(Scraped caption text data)
=-=-=

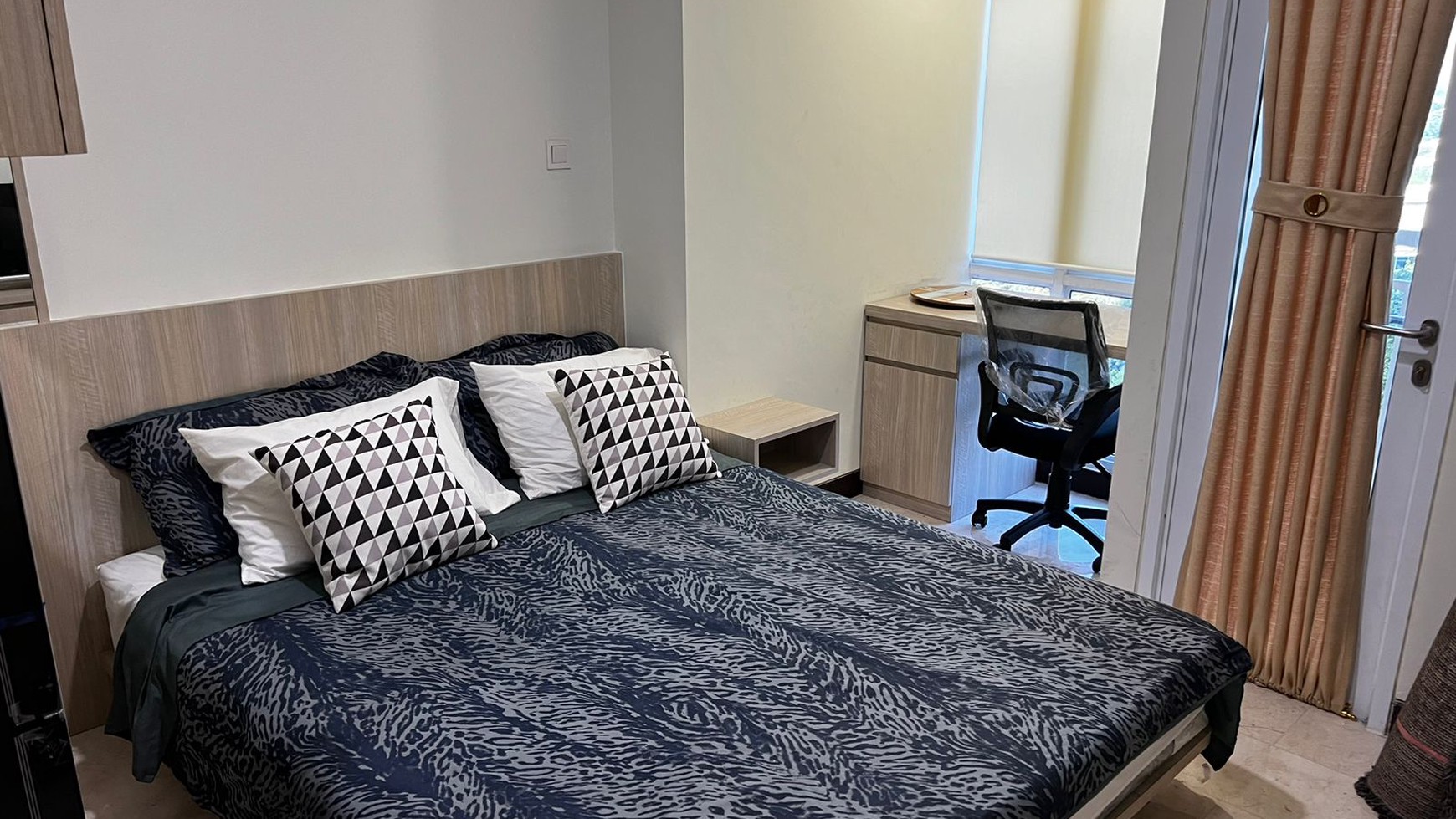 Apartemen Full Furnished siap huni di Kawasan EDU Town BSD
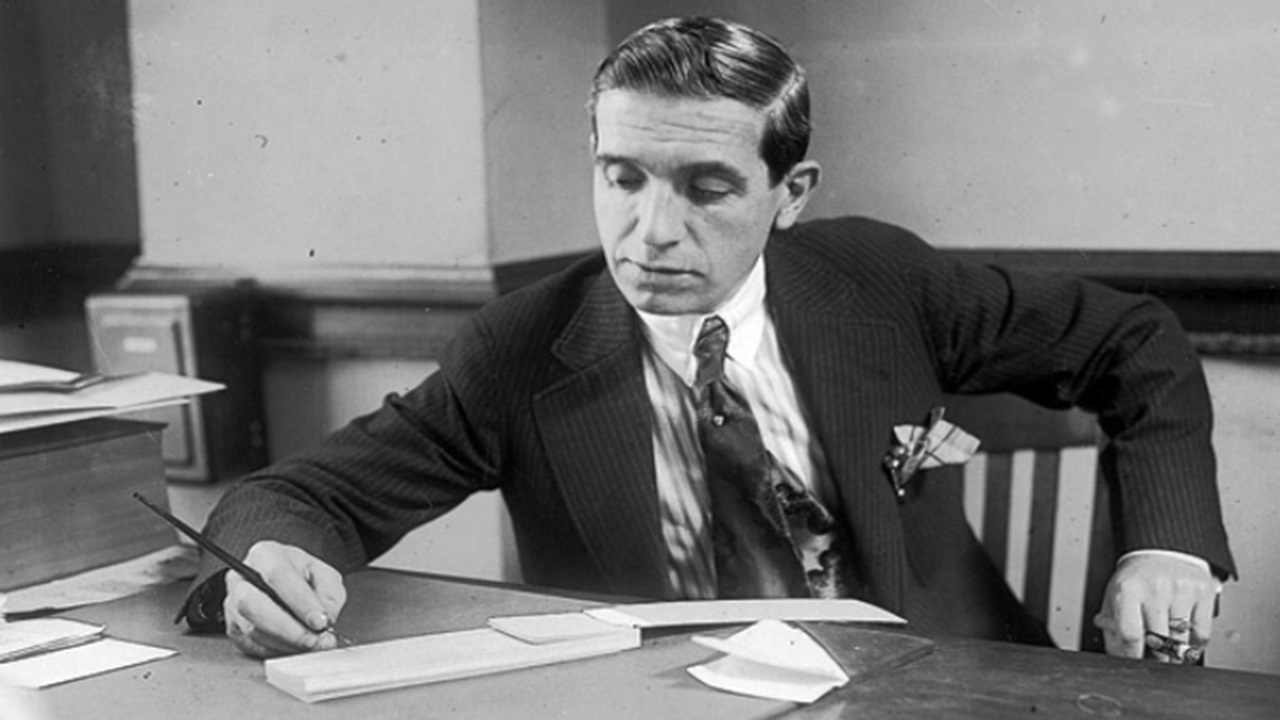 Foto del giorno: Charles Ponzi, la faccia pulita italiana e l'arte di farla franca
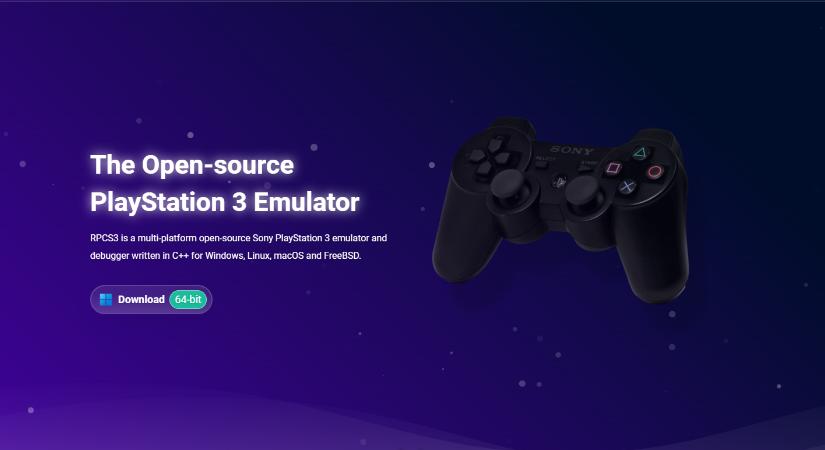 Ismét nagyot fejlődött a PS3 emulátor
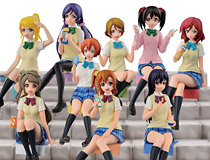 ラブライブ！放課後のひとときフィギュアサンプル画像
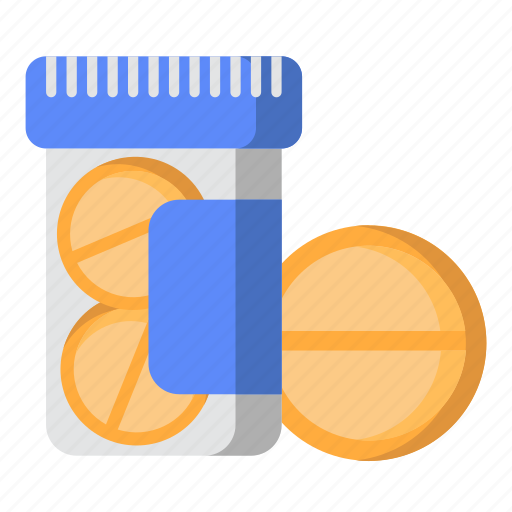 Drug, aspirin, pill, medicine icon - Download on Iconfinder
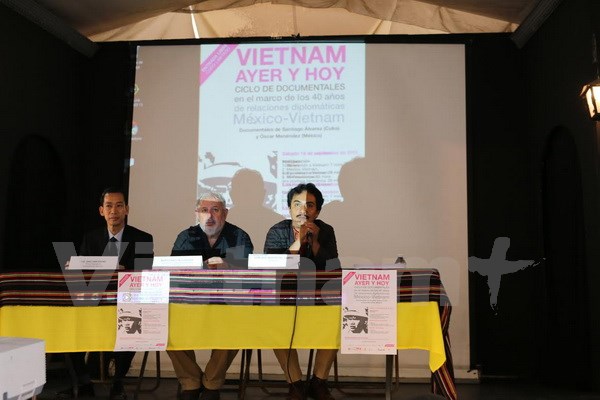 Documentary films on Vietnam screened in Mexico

=-=-=

Work task: Without the pictures, copy out each entry exactly as it stands.

Completed task:
 Apartemen Full Furnished siap huni di Kawasan EDU Town BSD
 Foto del giorno: Charles Ponzi, la faccia pulita italiana e l'arte di farla franca
 Ismét nagyot fejlődött a PS3 emulátor
 ラブライブ！放課後のひとときフィギュアサンプル画像
 Drug, aspirin, pill, medicine icon - Download on Iconfinder
 Documentary films on Vietnam screened in Mexico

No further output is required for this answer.